Going Back to Our Roots – Missouri holds a secret for us.
It appears we have gone back to our roots by moving to Missouri. Jim and I research our past family history regularly. We are very interested in the genealogy of our family. We knew we have roots on both sides of our family in Missouri, Kansas and Iowa. I am the proud owner of several life histories of my grandparents and even some of my great and great, great grandparents. While reading the life story of my great grandmother Sarah this week, I came across a paragraph that touched my heart and soul. I share it with you now.
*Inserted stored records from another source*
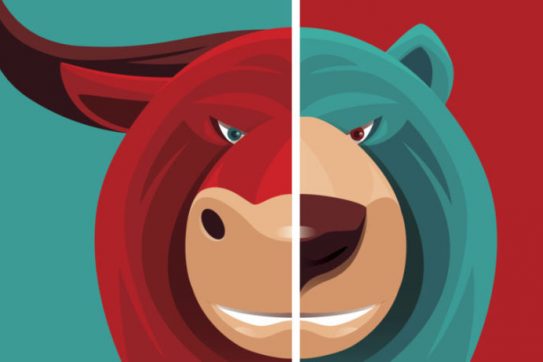 Bull Market vs Bear Market Cover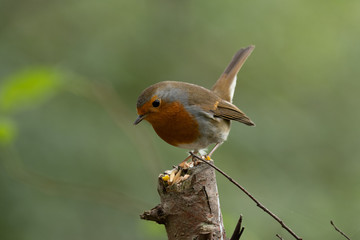 Robin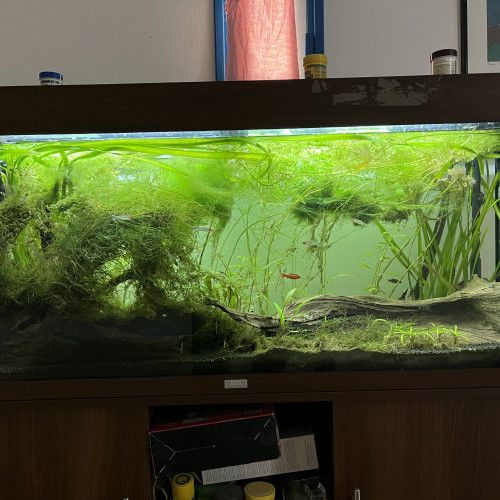 Aquarium 240 Litres + équipement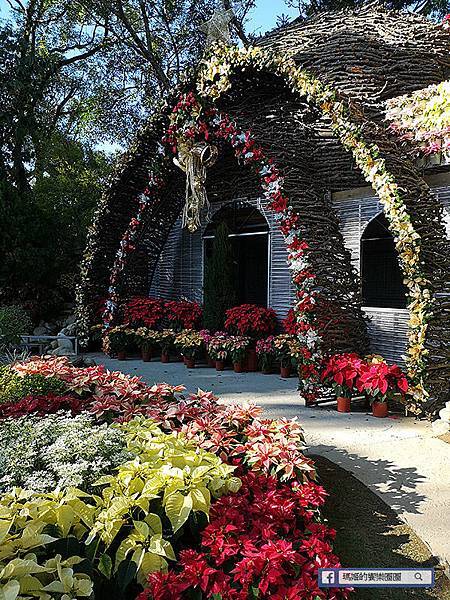 苗栗景點【花露休閒農場】浪漫聖誕花園。精油主題館。薰衣草花園。苗栗景觀農場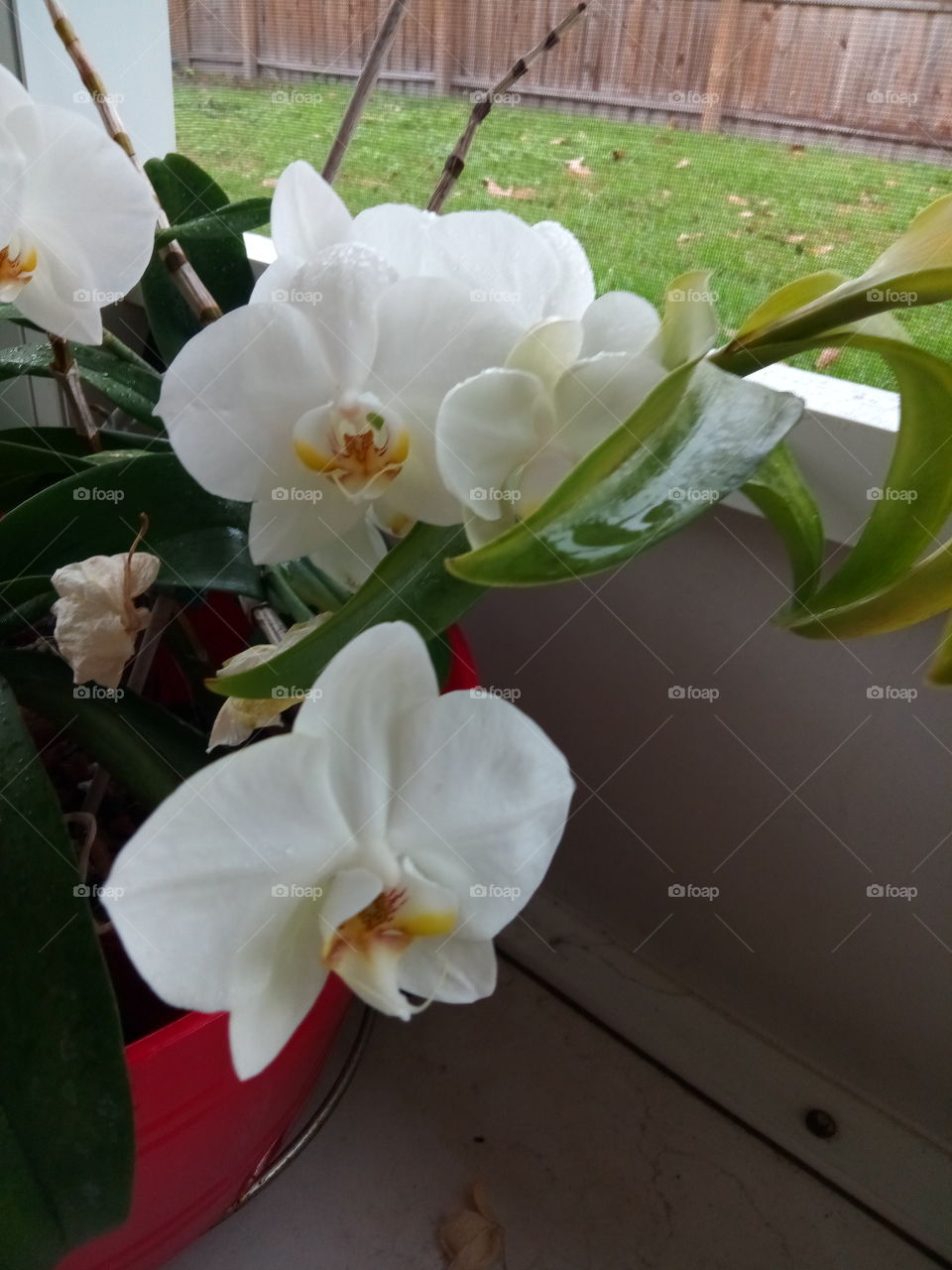white orchids blooming Orlando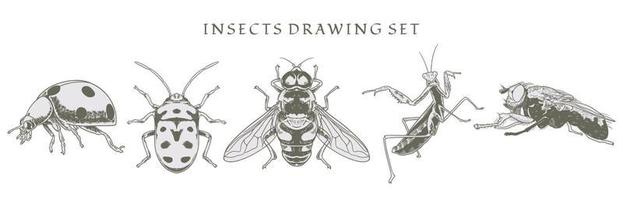 Set of insect, ladybug, fly, bee elements drawn by style hand drawn. vector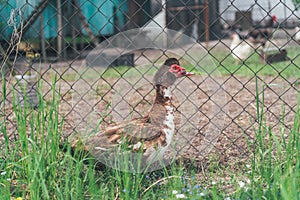 A muscovy duck Cairina moschata male outside on the farm.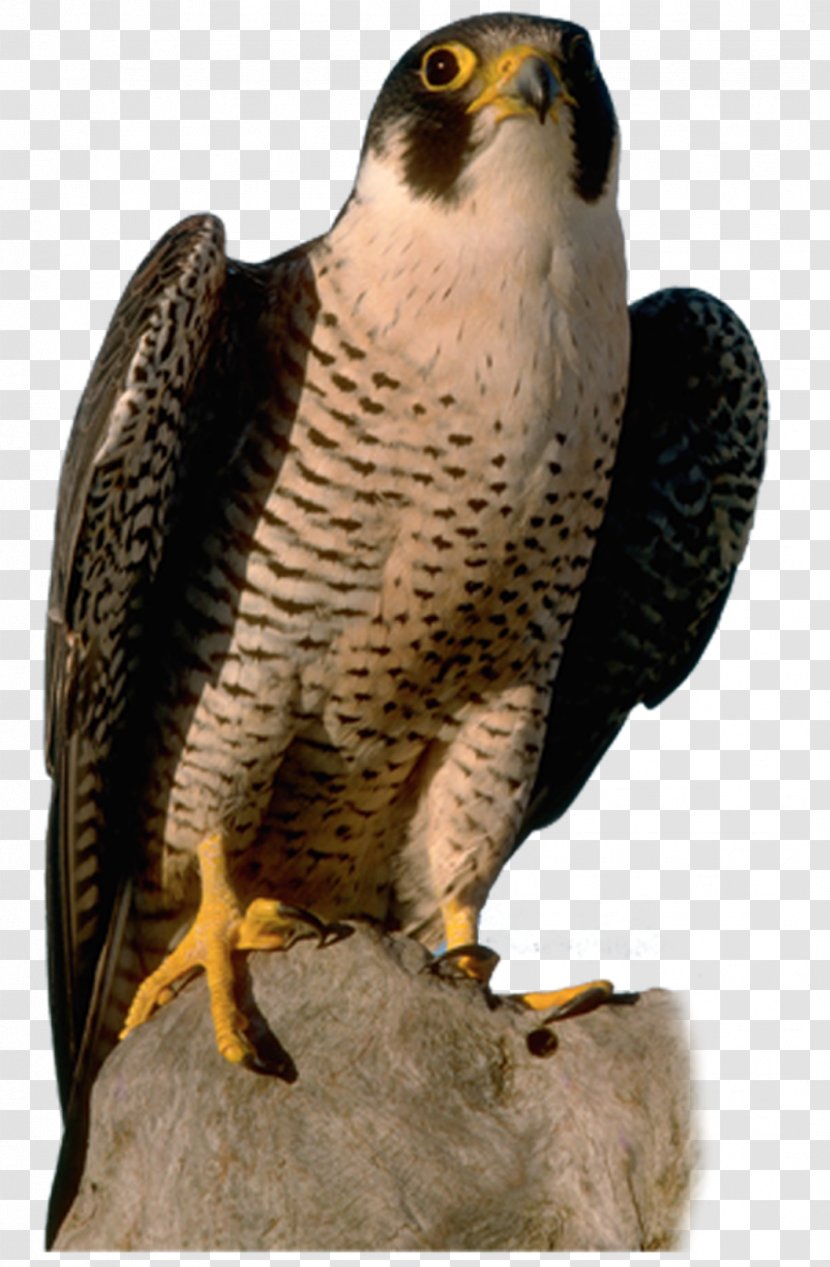 Bird Falcon - Accipitriformes Transparent PNG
“Late in the summer of 1885 my father began building a four room, two story house on the tract. (In Wichita) I was about eleven years old when he moved the family into the new home. He also built a large barn with lean-to sheds on each side. He bought a fine team of horses and good wagon, two milk cows and two dozen white leghorn chickens, and spaded up a plot of garden ground. He dug a large cellar under the house and walled it up, set out shade trees and cherry, peach and apple trees and concord grapes, and fenced the place. The land and livestock, coupled with the thrift and industry of the family members provided a very good living for us with very little purchasing of foodstuffs necessary. Vegetables, potatoes, and other root crops were stored in the cellar for winter use; also fruits, sauerkraut, relishes and etc. “
They came before us and we have their words to tell what they did. Moving to our homestead in the Midwest feels like going back to our roots and finds us coming to know that they are on the property with us. They will help us as we build and sow. They will be there, encouraging us. We are not merely here on our own to figure life out. We are part of a huge family, connected to the past and building the future for our posterity.
Digging Our Roots
This week Jim dug out a root on our property and has several more to remove. These were small roots, but we have large ones also. Remember the Sycamore tree we named General Lee because we are sure it was here during the civil war. (See the video below) If the trees could talk, what would they tell us? Did our ancestors pass near here? Some of mine lived 15 – 20 miles away. Can I feel them near because they are familiar with this place? Do these trees know them?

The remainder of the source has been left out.